Anyway, we left the venue, which was in a somewhat horrible pre-fab restaurant and entertainment complex in Baltimore that Maureen aptly described as Applebee's rock and roll, and went out for a while before ending up back at the Holiday Inn, where we had Pricelined a cheap room because I'm getting too old to drive back down the Baltimore-Washington parkway at 1AM after a night on the town. And there they were, the sound guy, another roadie, and lead singer Craig Finn, who's sort of the dorkiest Midwestern rock-god-cool frontman in the world. There was nobody else -- The Hold Steady apparently has no groupies of note. Finn left after a half-hour and we ended up chatting with the sound guy. Audiences in Great Britain are the toughest, he says -- they have very specific opinions regarding proper sound mixing and will let you know if you're not getting the job done. We discussed our shared sense that Wall-E looks to be a good movie, and why. Then I asked him a question that had been bugging me: Why, if the band's new album (the much anticipated follow-up to Boys and Girls in America) was scheduled to be released on July 15th, was it available on iTunes now?

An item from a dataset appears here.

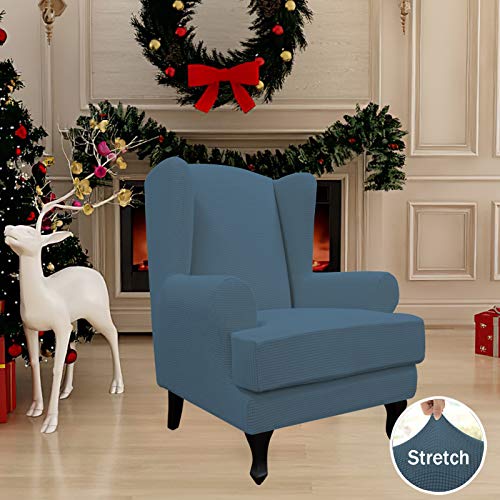 Easy-Going Stretch Wingback Chair Sofa Slipcover 2-Piece Sofa Cover Furniture Protector Couch Soft with Elastic Bottom, Spandex Jacquard Fabric Small Checks, Bluestone - color: Bluestone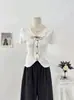 Camiseta de Manga Corta con Volantes y Cordones en V de Diseño Estilo Coreano para Mujer Primavera 2026 Top Corto Adelgazante de un Solo Botón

"It leaked," he said, grimly. "Probably a reviewer gave it to a friend who put in on Bit-Torrent or something." Given their recent breakout success, a lot of time and effort had gone into packaging, marketing, and timing the release – only to have it all blown to shreds by the leak. So they had no choice to but to put in on iTunes to provide a paying on-line alternative, while the physical CD launch couldn't be changed. "It's still going to hurt retail sales," he said, "Not just because people will already have the album, but because retailers won't want to spend money and shelf space promoting what's seen as an old product."

Which brings me to the subject of stealing music. I know that information wants to be free and that artists make all their money touring and selling merchandise anyway and that the big record companies deserve what they're getting and that music "sharing" builds the fan base in a time where competition for entertainment mindshare is more fierce than ever before, and I know there's some truth in all of those things. But I also know, and I think you do too, that there's a strong element of b.s. to these arguments, the fervency of which is substantially a function of latent guilt over the fact that people can be greedy and cheap and selfish and as such are enjoying the music of The Hold Steady and others like them without paying for it, and there is no real moral justification for this, none at all. For all the critical acclaim, the band is obviously not rich – they were staying in the Holiday Inn, for Pete's sake, and one of the reasons is that people who know better are using the Internet to steal. To whom I say, with good cheer as a fellow music fan and with faith that you can be better: Stop, thief.